For the majority of people, the idea of using artificial intelligence tools in daily life—or even just tinkering with them—has only recently entered the mainstream thanks to new releases of generative AI tools from a number of major tech corporations and startups, including OpenAI’s ChatGPT and Google’s Bard. However, the technology has been advancing covertly for years, along with concerns over the best ways to assess and secure these fresh AI systems. On Monday, Microsoft will share details about the team within the firm that has been entrusted with figuring out how to attack AI platforms in order to expose their flaws since 2018.
Microsoft’s AI red team has evolved over the five years since it was founded from what was essentially an experiment into a whole interdisciplinary team of machine learning professionals, cybersecurity researchers, and even social engineers. In order to make the ideas accessible rather than requiring specialized AI understanding that many people and organizations don’t yet have, the group tries to disseminate its findings within Microsoft and throughout the tech industry using the traditional language of digital security. But in reality, the team has come to the conclusion that traditional digital defense and AI security have significant conceptual differences that call for modifications to the way the AI red team approaches its work.

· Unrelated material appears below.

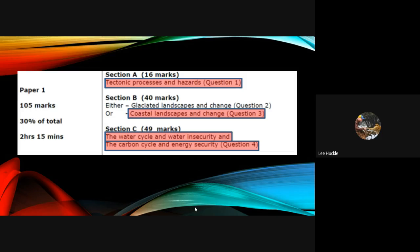Section C is worth 49 marks in total. The reason for this is that two units are combined into one section here. They are the parts we call the water cycle and water insecurity, and also the carbon cycle and energy security. That is question four in section C of the exam paper.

What are you essentially going to accomplish that is different was the initial question we were asked. Why do we need a AI red team? Ram Shankar claims. Microsoft’s AI red team was founded by Siva Kumar. However, that might not be enough if you simply consider traditional red teaming and the security perspective when it comes to AI red teaming. We now have to acknowledge the responsible AI part, which includes accountability for AI system failures, generating offensive content, and generating unfounded content. That represents the pinnacle of AI red teaming, not just focusing on AI errors that are at fault, but also failures in security.
It took some time, according to Shankar Siva Kumar, to draw this distinction and establish why the AI red team’s mission would actually have a dual purpose. Early efforts were largely focused on the introduction of more conventional security technologies, such as the 2020 Adversarial Machine Learning Threat Matrix, developed in partnership between Microsoft, the nonprofit R&D organization MITRE, and other researchers. The team also released open source Microsoft Counterfit automated tools for testing the security of AI systems that year. The red team also released another approach for assessing the security risks associated with AI in 2021.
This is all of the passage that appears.